LINCOLNSHIRE, Ill. — The amount of data available today is greater than ever before and shows no sign of abating as more and more devices are connected to our digital environment either directly or via sensors. Everything from printers to consumer mobile devices, foodservice equipment and coolers are now capable of sending data. But how can convenience-store operators harness that data properly?
It wasn’t long ago that merchants ran their businesses based on scanned data and gut feel from their years of experience. The challenge now is seasoned veterans are retiring or being lured away by a stronger job market. Meanwhile, the data keeps coming faster, requiring companies to reconsider the skill sets they look for in their managers and other employees. It’s not uncommon to see titles such as chief innovation officer or customer analytics as c-store retailers look for new ways to generate insights from data they’ve collected.
While c-store operators need to understand their own data, such as point of purchase and loyalty, and existing data such as weather or census information, it’s becoming increasingly important to leverage technology to their advantage. Artificial intelligence (AI) and machine learning (ML) aren’t simply terms to drop at industry events. ML analyzes data looking for exceptions and anomalies in just a fraction of the time that it used to take. By gleaning simple insights in near real time, like determining when a store location is struggling to meet key performance indicators (KPIs), c-store operators can get to the root cause before it becomes a systemic problem that drives shoppers elsewhere.

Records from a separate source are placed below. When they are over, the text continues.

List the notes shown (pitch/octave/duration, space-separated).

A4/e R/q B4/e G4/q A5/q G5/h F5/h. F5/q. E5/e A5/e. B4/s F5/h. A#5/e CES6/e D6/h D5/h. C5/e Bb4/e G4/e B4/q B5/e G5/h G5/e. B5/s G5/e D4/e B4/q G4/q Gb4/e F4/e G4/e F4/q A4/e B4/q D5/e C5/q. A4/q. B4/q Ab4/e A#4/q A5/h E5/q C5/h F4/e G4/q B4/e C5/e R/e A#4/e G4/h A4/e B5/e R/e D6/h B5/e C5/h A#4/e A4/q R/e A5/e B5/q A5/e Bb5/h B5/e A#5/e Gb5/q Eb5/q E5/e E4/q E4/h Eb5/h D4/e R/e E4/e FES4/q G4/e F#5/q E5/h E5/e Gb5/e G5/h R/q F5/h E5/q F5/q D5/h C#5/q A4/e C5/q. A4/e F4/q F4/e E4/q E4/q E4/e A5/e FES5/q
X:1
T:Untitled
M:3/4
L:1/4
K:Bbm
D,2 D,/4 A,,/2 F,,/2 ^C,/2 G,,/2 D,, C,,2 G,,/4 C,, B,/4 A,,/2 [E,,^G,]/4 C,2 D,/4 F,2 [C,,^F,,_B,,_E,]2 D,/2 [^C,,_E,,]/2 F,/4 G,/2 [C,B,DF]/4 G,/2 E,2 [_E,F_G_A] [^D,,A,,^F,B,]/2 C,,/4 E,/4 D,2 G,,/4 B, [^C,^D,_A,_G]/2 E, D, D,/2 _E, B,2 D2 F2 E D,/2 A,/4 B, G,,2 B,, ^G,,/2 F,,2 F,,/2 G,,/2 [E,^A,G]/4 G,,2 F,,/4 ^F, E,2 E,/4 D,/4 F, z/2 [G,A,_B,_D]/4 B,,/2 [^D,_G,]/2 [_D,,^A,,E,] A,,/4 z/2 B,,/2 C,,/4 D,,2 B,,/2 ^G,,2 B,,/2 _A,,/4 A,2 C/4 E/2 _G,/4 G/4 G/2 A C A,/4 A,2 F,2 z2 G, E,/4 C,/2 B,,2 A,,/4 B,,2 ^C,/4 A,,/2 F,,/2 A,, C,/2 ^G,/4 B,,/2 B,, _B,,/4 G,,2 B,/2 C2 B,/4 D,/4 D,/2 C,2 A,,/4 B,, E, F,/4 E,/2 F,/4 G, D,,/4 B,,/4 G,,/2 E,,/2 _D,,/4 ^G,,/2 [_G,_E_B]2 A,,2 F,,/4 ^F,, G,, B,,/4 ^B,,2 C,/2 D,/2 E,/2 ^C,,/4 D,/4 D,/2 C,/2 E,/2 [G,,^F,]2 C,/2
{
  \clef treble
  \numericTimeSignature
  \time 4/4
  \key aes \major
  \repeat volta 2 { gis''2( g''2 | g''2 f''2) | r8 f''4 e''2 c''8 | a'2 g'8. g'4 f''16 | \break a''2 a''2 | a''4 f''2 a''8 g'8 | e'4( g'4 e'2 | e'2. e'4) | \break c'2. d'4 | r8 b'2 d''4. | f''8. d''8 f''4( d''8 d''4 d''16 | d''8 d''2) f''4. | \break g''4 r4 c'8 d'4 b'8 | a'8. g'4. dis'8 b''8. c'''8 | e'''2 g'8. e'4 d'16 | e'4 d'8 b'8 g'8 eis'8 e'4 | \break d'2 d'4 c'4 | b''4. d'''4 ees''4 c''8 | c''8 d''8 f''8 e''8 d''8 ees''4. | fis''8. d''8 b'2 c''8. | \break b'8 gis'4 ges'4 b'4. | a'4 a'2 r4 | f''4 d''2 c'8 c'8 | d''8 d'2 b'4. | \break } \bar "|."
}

Identifying out-of-stocks using shelf-edge technology is yet another way c-stores can leverage technology to their advantage. These new, innovative solutions provide a remote view to store shelves stocked with fast-moving consumer goods. They can transmit alerts via the cloud to direct store delivery (DSD) drivers’ mobile devices, enabling them to alter delivery patterns in real time to address and remedy out-of-stock inventory before it negatively impacts the shopper experience. The days of data being held close to the vest are slipping away as it becomes a commodity.
Retailers also need to consider their shoppers’ privacy when collecting data. While consumers have become more open to sharing data, businesses must ensure they’re using that data the right way or risk losing consumers’ trust. It’s a fine line between using data to help them and using it in a way that it feels invasive. While some consumers may feel uncomfortable with facial recognition increasingly being used to greet them as they enter a store, other instances of using data to improve their experience could be appreciated.
C-stores could use loyalty data from their most frequent shoppers to analyze previous purchases to predict future behavior. Having an order ready for them as they walk through the door could be seen as excellent customer service and keep them coming back in the future.
All of the necessary internet-of-things sensors, integration technology and data are available today. Retailers need to ask themselves if they’re using their data to empower their performance and workflows or if they’re simply collecting it. If the answer is the latter, identifying the right way to harness this data will be crucial to staying competitive and providing shoppers with the experience they want.
Mark Delaney is retail industry consultant at Zebra Technologies, Lincolnshire, Ill.